I have a Leslie 101 project this week getting four Celestion G12's and an upgraded upper rotor as it progresses.
(From Captain Foldback's wonderful site at: http://www.captain-foldback.com/Hammo...
The Series 10 Tone Cabinet - 60W of fun! This nifty 1966 cabinet was to be the successor to the aging design of the PR-40. The Series 10, however, did not have built in reverb thus relying on the console reverberation of the newer Hammond organs such as E-100, H-100 (also X-1000 and HX-100 - the special versions of the H-1XX series) and T-100. The cabinet was essentially stereo with a derived bass channel; much like in the H-100 internal speaker system.
How the stereo was utilized depended on the organ the Series 10 was connected to. The H-100 had a stereo output with phase shifted signals derived from the dual scanner system inside the organ - i.e. the closest you can get to a 'true' stereo system. If you connected the Series 10 cabinet to an E-100 you would get 'treble direct' and 'treble reverb' in the two channels, much like in the older PR-cabinets. (I'm sure the Series 10 cab would work with older Hammonds such as A-100 and M-100 too).

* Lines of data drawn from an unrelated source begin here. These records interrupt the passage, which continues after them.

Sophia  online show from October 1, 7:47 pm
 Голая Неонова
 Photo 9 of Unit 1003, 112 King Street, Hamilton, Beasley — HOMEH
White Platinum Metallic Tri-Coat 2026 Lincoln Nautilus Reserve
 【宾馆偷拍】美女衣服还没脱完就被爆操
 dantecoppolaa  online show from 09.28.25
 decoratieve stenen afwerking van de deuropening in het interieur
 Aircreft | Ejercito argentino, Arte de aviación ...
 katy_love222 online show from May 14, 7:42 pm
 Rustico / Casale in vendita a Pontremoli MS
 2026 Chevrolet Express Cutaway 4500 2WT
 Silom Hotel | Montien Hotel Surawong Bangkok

The R-100 organ had a 'Main' and a 'Leslie' channel each with its own power amplifier inside the console. Both channels were connected to the Series 10 socket and either channel could have reverb, depending on the tab settings at the console. Normally the 'Leslie' channel was filtered, creating a sort of stereo effect, but if the 'Leslie Chorus' tab was selected, the signal fed to the 'Leslie' channel was the same as for the 'Main'.
The T-series spinets had an output socket for the Series 10 cabinet, but you would not get any stereo effect because the output from this type of organ is a mono signal, and the two channels would therefore simply be wired together (this does not include the T-500 series version which had a two channel output - but not for the Series 10 cabinet).
The interface from the organ to the Series 10 cab was the 'worst ever' as far as plugs and sockets are concerned. The system consisted of a 7-pin Amphenol plug with two pins removed and two holes in place of them, and a mating socket where two of the holes had been given two pins that stuck out and would mate with the two holes in the plug. One can only guess whether this was Hammond's last attempt to make the organs 'Leslie-safe'. At any rate, Leslie quickly made connector kits for this special 7-pin system so whatever plans they had at the Hammond offices in Chicago were not having much impact.
The pin-out of the Series 10 plug is described in the Leslie pin-outs section.